The SIGMOBILE Doctoral Dissertation Award was approved just recently and a selection process is underway. Finally, SIGMOBILE plans to recognize some of the work that best reaches out to and impacts a wide audience in each year through a selection process to create SIGMOBILE Research Highlights every year, and forward these papers for potential publication in the CACM Research Highlights.

Innovative Programs

SIGMOBILE is delighted at the significant transformation of its quarterly publication, GetMobile, which is a revamped version of the ACM SIGMOBILE Mobile Computing and Communications Review, (MC2R). Each issue of GetMobile consists of a set of regular sections curated by a committed group of editors and has won a lot of praise from the broad community for improved quality of content and articles.

SIGMOBILE has recently launched the SIGMOBILE YouTube channel through which we provide video-recorded talks from our major conferences and workshops. This content is publicly available and anyone can now watch the talks from our conferences at their convenience, even if they were not able to attend the conference itself. There is clearly a significant following this channel has generated, with more than 11,000 views in 2015, with an average of 3 hours of viewing activity daily. Many of our viewers seem to be from diverse countries, including Asia, South America, and Africa, thereby allowing us to reach many more constituents than our conferences and workshops currently does.

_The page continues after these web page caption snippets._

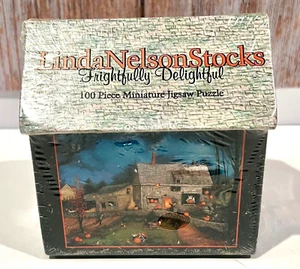 Vintage Autumn Frightfully Delightful Linda Nelson Stocks 100 Piece Mini Puzzle - Picture 1 of 7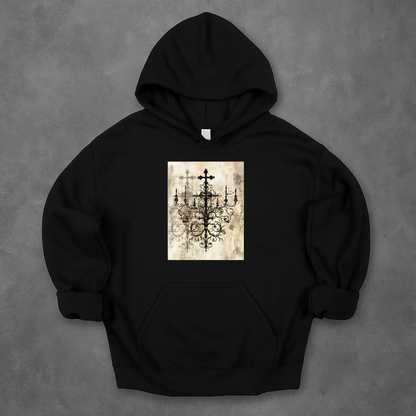 Gothic Filigree Crosses Hoodie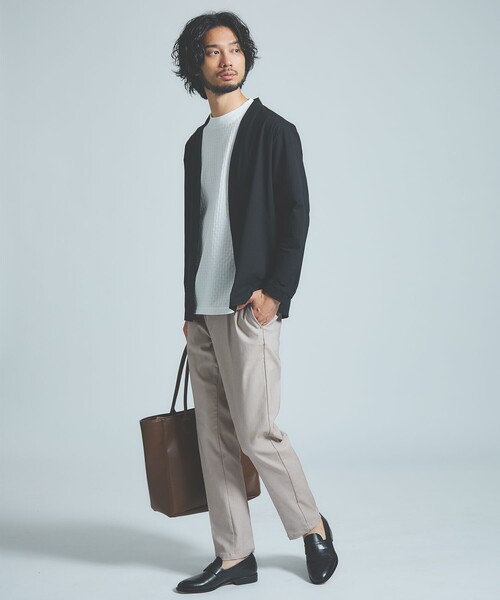 ABAHOUSE GRAY（アバハウスグレイ）の「【接触冷感】メッシュ ボタンレス カーディガン（カーディガン/ボレロ・メンズ・モスグリーン/ブラック/グレイッシュベージュ/ネイビー・48/46）」の15枚目の写真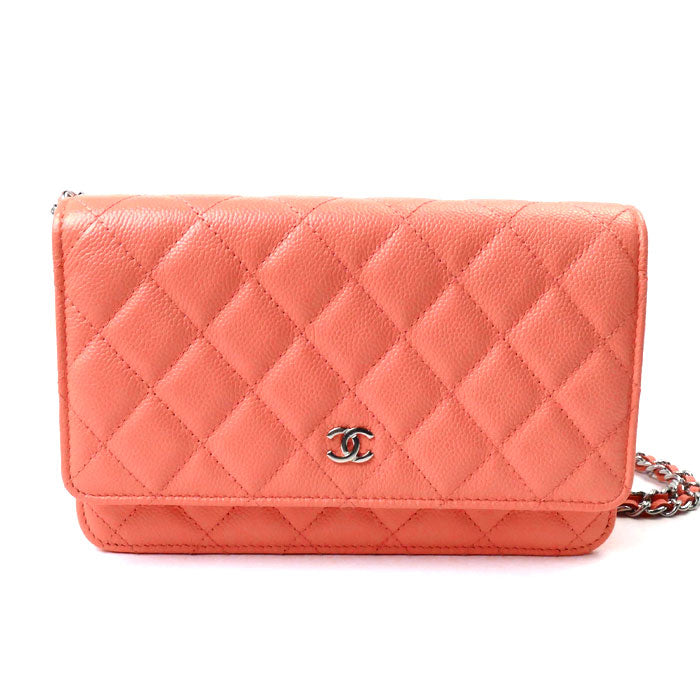 CHANEL シャネル タイムレスクラシック チェーンウォレット ショルダーバッグ サーモンピンク AP0250 レディース【中古】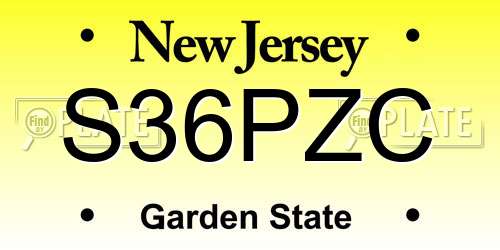 S36PZC New Jersey License Plate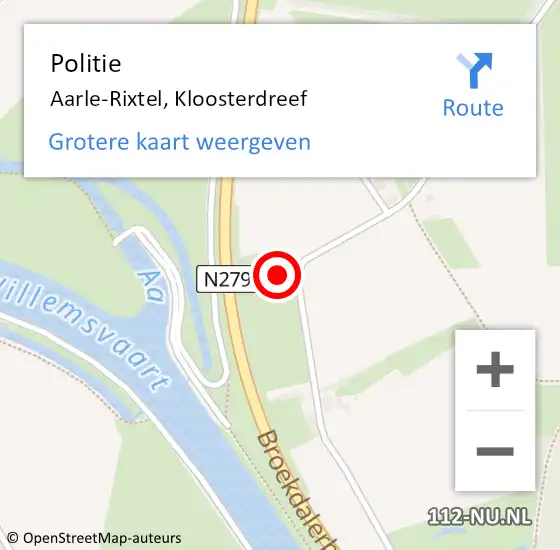 Locatie op kaart van de 112 melding: Politie Aarle-Rixtel, Kloosterdreef op 5 maart 2024 15:29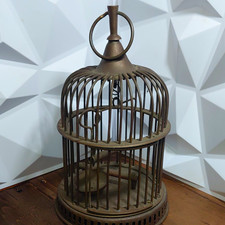 Rare SOLID BRASS Vintage  Hanging Round Bird Cage 1960s-1970s picture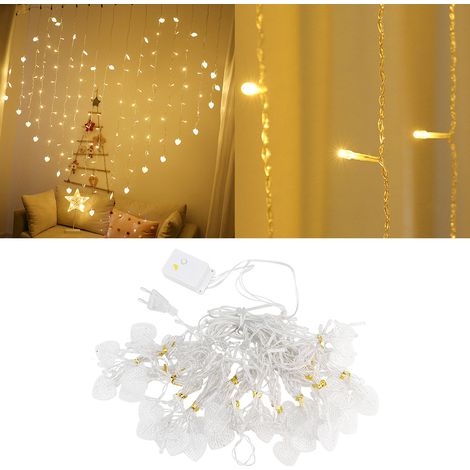 Wasserdichte LED-Lichterkette in Herzform für Fenster und Vorhang – ideal für die Weihnachtsdekoration im Innenbereich (1/5)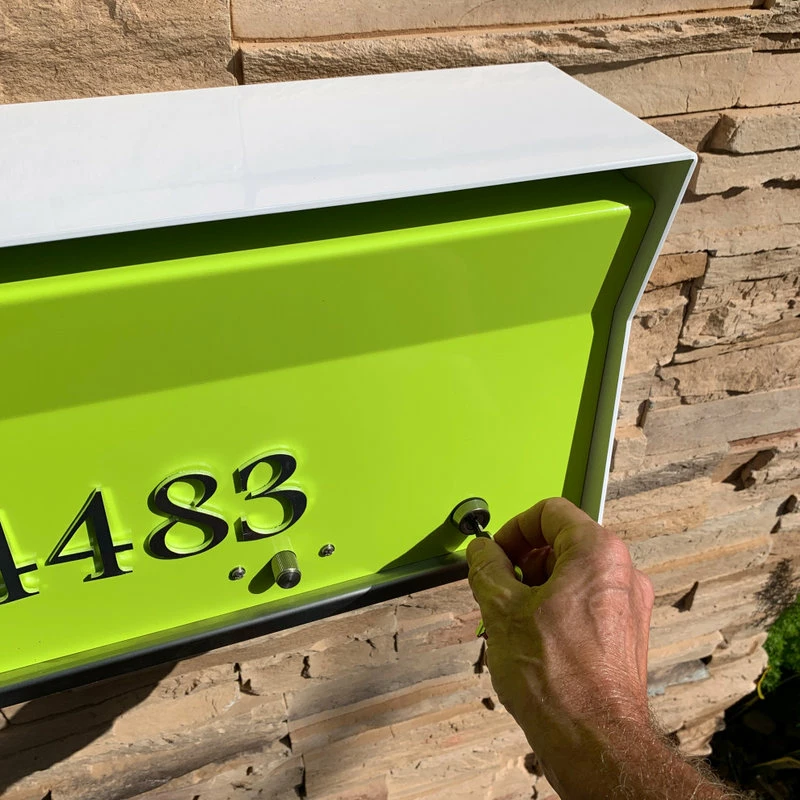 TedStuff RetroBox Locking Modern Wall Mounted Mailbox, In Arctic White & Aqua - Image 9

SIGMOBILE, in partnership with SIGCOMM, introduced a new event this year, called the Wireless Industry Days, with the goal of allowing greater engagement with our related industry. It was organized as a workshop and was held in the Bay area (co-located with a large industry-focused event) with the goal of allowing leading researchers to present their results to participants from industry. This was an interesting experiment of reaching out in new ways beyond the confines of our core conferences and workshops.

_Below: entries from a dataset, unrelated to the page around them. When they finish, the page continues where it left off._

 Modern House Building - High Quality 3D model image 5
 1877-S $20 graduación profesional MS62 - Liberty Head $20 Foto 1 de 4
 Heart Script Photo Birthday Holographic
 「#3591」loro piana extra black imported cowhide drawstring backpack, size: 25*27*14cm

SIGMOBILE also introduced the availability of technical papers in the mobile friendly ePub format which allows readers to better browse such materials on their phones and tablets. We have setup an arrangement by which any SIGMOBILE event can ensure that camera-ready papers can be easily converted into the ePub format and is made available through the ACM Digital Library. This reflects our commitment to keep up with the changing needs of the community and the ways in which we consume content in the modern world.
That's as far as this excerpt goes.